Whendee L. Silver
Professor of Ecosystem Ecology and Biogeochemistry and
Rudy Grah Endowed Chair in Forestry and Sustainability,
UC Berkeley Department of Environmental Science, Policy, and Management
DATE: Wednesday, November 8, 2017
PLACE: 126 Barrows
The Potential of Soil Carbon Sequestration to Help Mitigate Climate Change: From Garbage to Gold?
The fields of ecology and biogeochemistry hold tremendous potential to contribute to our understanding of climate change. The majority of research to date has focused on describing the problem – estimating rates of carbon losses and greenhouse gas emissions from natural and managed ecosystems. More research is needed to explore potential solutions to climate change through mitigation and adaptation. I will discuss an integrated set of studies aimed at critically evaluating the ecological and biogeochemical potential of agriculture and grasslands to help mitigate climate change through soil carbon sequestration. I will start by discussing a study where we ‘queried the atmosphere’ to identify the global potential of agricultural management to lower global temperatures. I will then present results from field and modeling studies that examine the potential to convert high emitting organic waste to soil amendments for carbon sequestration and ecosystem rehabilitation.

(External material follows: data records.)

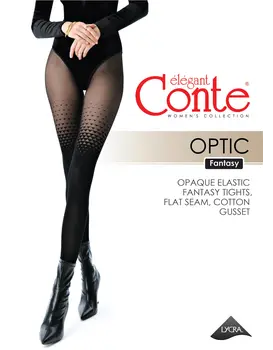 גרביונים מעוצבים בעובי 70/30 דנייר CONTE OPTIC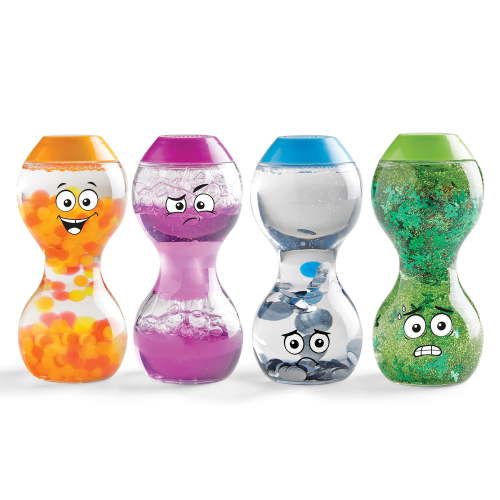 hand2mind Express Your Feelings Sensory Bottles- Secondary Emotions, Ages 3+ (4 Pieces)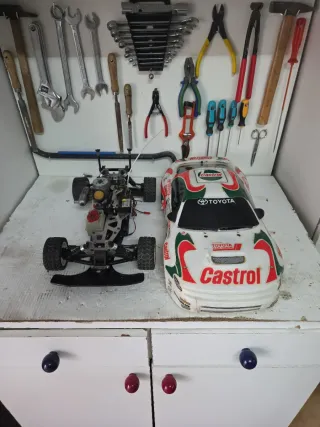 Coche RC Kyosho Toyota Celica Turbo 4WD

Dr. Whendee Silver is the Rudy Grah Chair and Professor of Ecosystem Ecology and Biogeochemistry in the Department of Environmental Science, Policy, and Management at U.C. Berkeley. She received a PhD in Ecosystem Ecology from Yale University. Her work seeks to determine the biogeochemical effects of climate change and human impacts on the environment, and the potential for mitigating these effects. Professor Silver is the lead scientist of the Marin Carbon Project, which is determining the potential for land-based climate change mitigation, particularly by composting high-emission organic waste for soil amendments to sequester atmospheric carbon dioxide. The Silver Lab was recently awarded the Innovation Prize by the American Carbon Registry. Professor Silver is a fellow of the Ecological Society of America and was named a University of California Climate Champion for 2016 for outstanding teaching, research and public service in the areas of climate change solutions, action and broad engagement.